= EXERCISE =
When writing out the entries below, keep only the lines from the line with "Brown Pakistani Butterfly" to the line with "SCREW-PIN-SHACKLE AISI316 FLAT", both included, exactly as they are, and leave the pictures aside.
────────────────────────────────────────
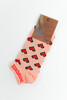 Носки ЗАПОРОЖЕЦ Сердечки короткие Персиковый фото 2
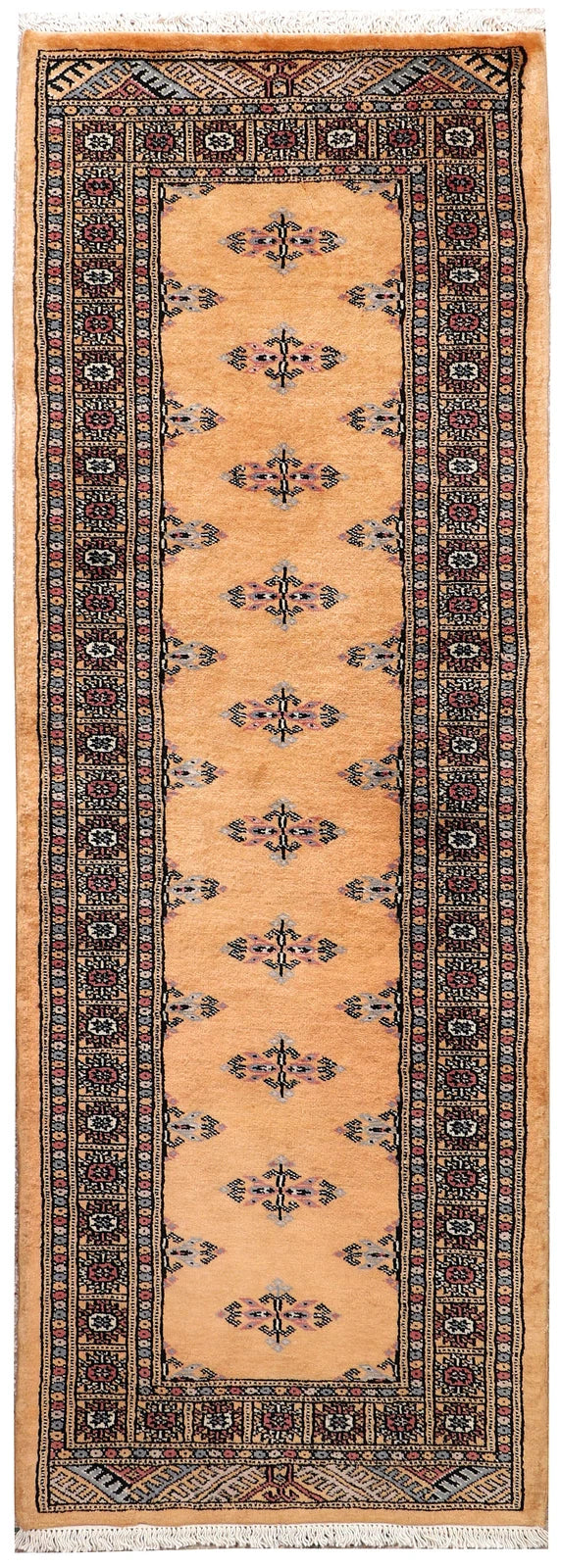 Brown Pakistani Butterfly Rug 2' 2" x 6' 2" Hand-Knotted | No. QA14270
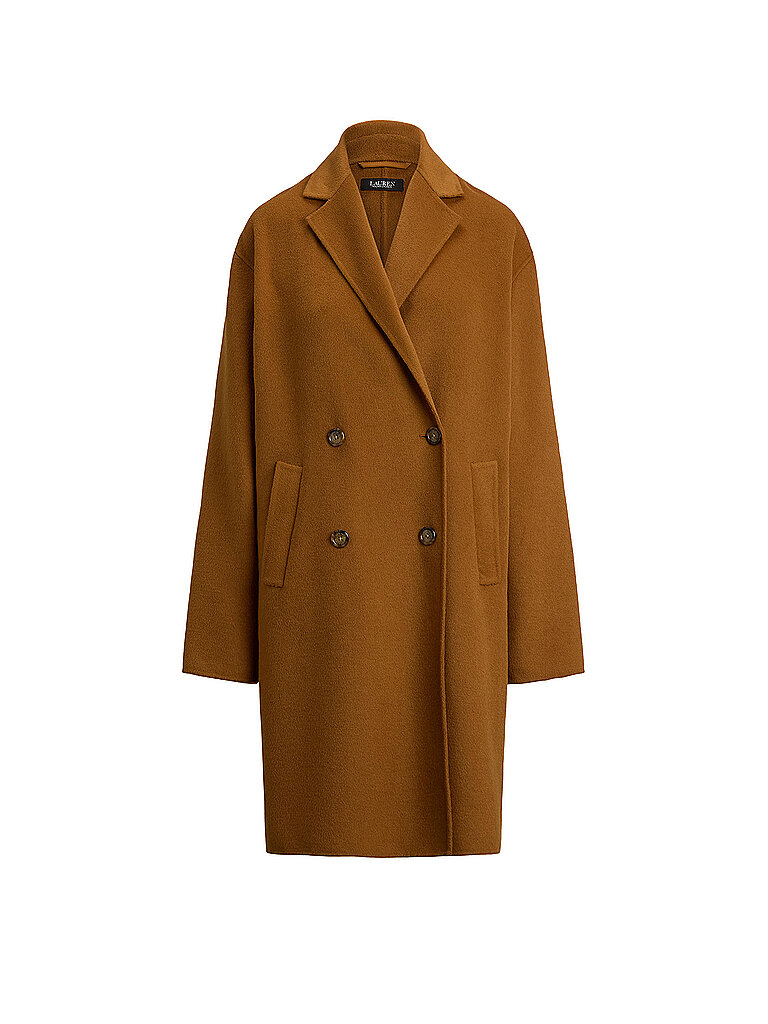 Cappotto di lana DAWLEY cammello 38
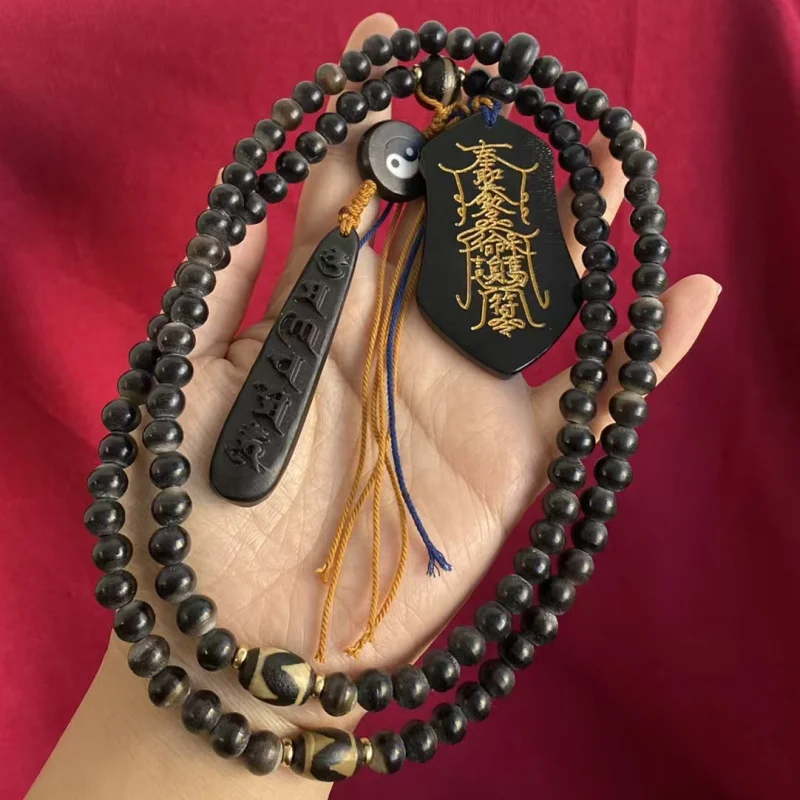 

Подвеска для автомобиля в тибетском стиле из кости яка, браслет с бусинами Тай, декоративный аксессуар для мужчин и женщин.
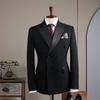 Traje de Doble Hilera 2025 Traje para Hombre Vestido de Novio Traje de Grupo para Padrinos Traje Masculino Anfitrión Traje de Negocios para Hombre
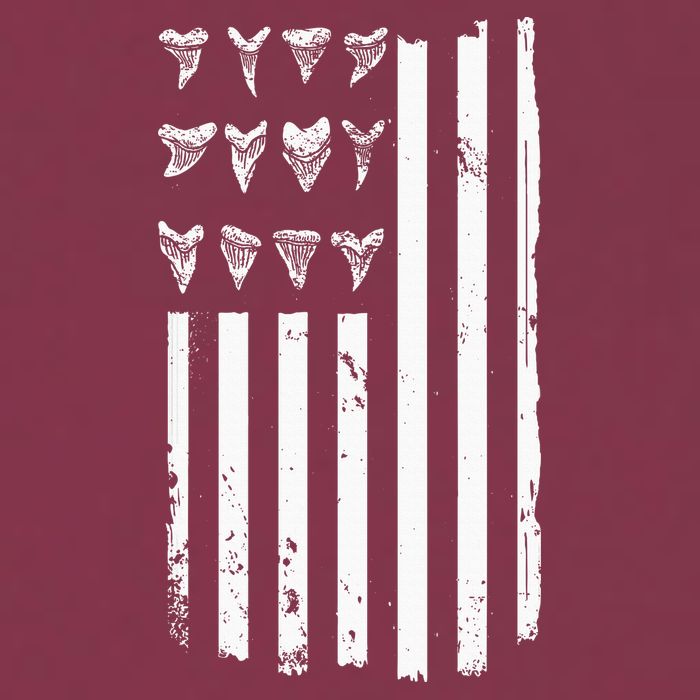 Shark Tooth Hunting American Flag Design For Fossil Hunter 16oz Travel Tumbler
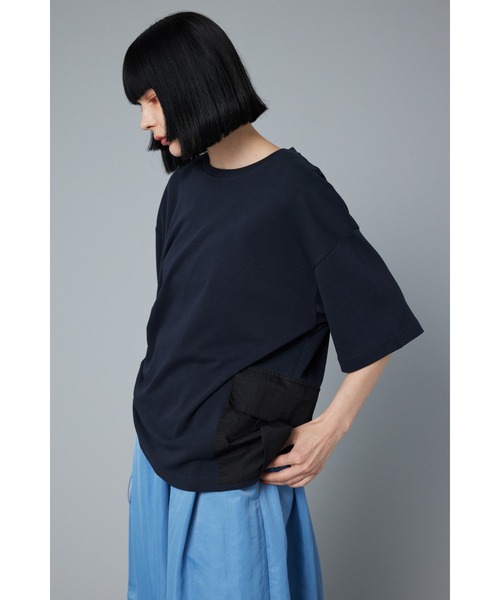 HeRIN.CYE（ヘリンドットサイ）の「Side pocket T-shirt　　サイドポケットTシャツ（Tシャツ/カットソー・レディース・ホワイト/ネイビー/オレンジ・FREE）」の12枚目の写真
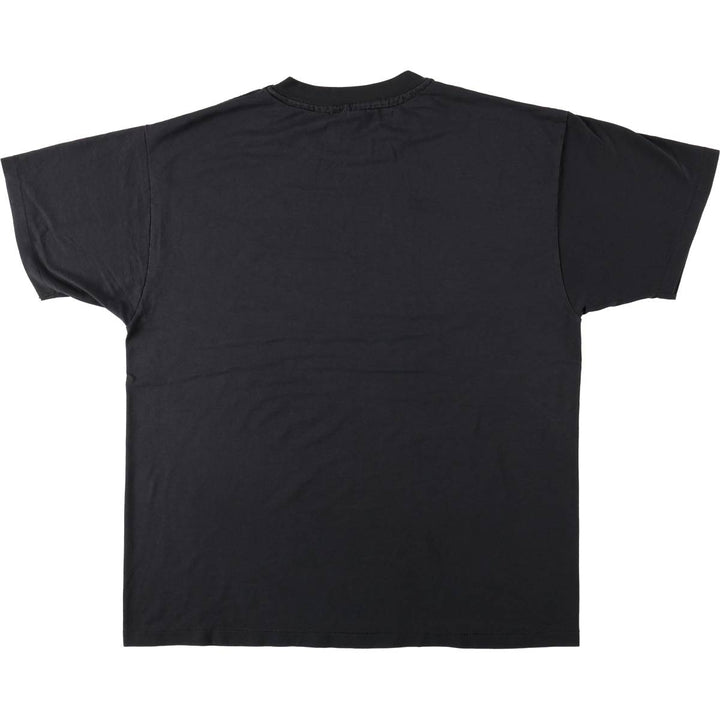 90'S Hanes HEAVYWEIGHT 50 cotton black type Vintage Second Hand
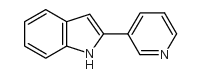 2-吡啶-3-基-H-吲哚结构式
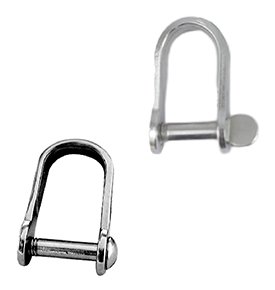 SCREW-PIN-SHACKLE AISI316 FLAT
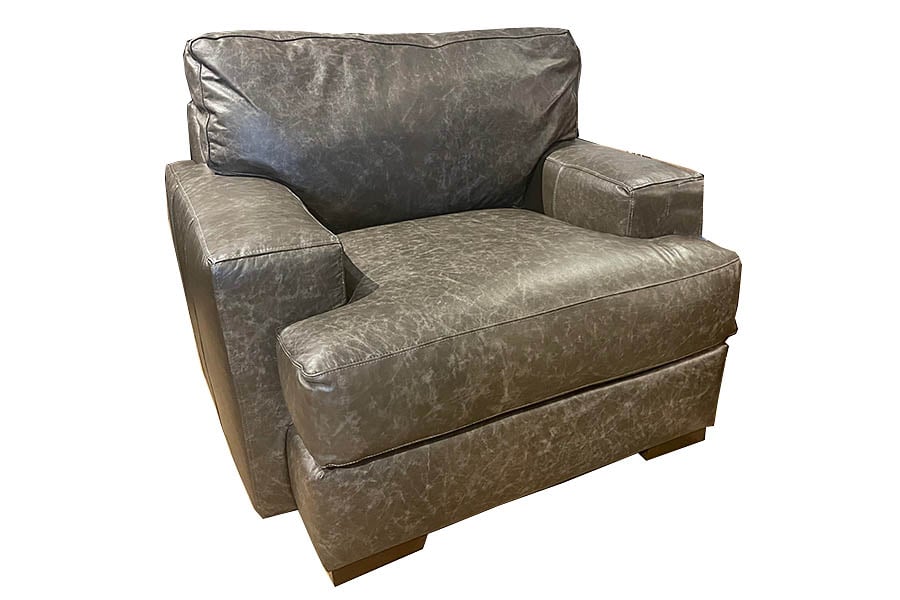 282578 Klaussner 44" Leather Chair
────────────────────────────────────────
= RESPONSE BELOW =
 Brown Pakistani Butterfly Rug 2' 2" x 6' 2" Hand-Knotted | No. QA14270
 Cappotto di lana DAWLEY cammello 38

Подвеска для автомобиля в тибетском стиле из кости яка, браслет с бусинами Тай, декоративный аксессуар для мужчин и женщин.
 Traje de Doble Hilera 2025 Traje para Hombre Vestido de Novio Traje de Grupo para Padrinos Traje Masculino Anfitrión Traje de Negocios para Hombre
 Shark Tooth Hunting American Flag Design For Fossil Hunter 16oz Travel Tumbler
 HeRIN.CYE（ヘリンドットサイ）の「Side pocket T-shirt　　サイドポケットTシャツ（Tシャツ/カットソー・レディース・ホワイト/ネイビー/オレンジ・FREE）」の12枚目の写真
 90'S Hanes HEAVYWEIGHT 50 cotton black type Vintage Second Hand
 2-吡啶-3-基-H-吲哚结构式
 SCREW-PIN-SHACKLE AISI316 FLAT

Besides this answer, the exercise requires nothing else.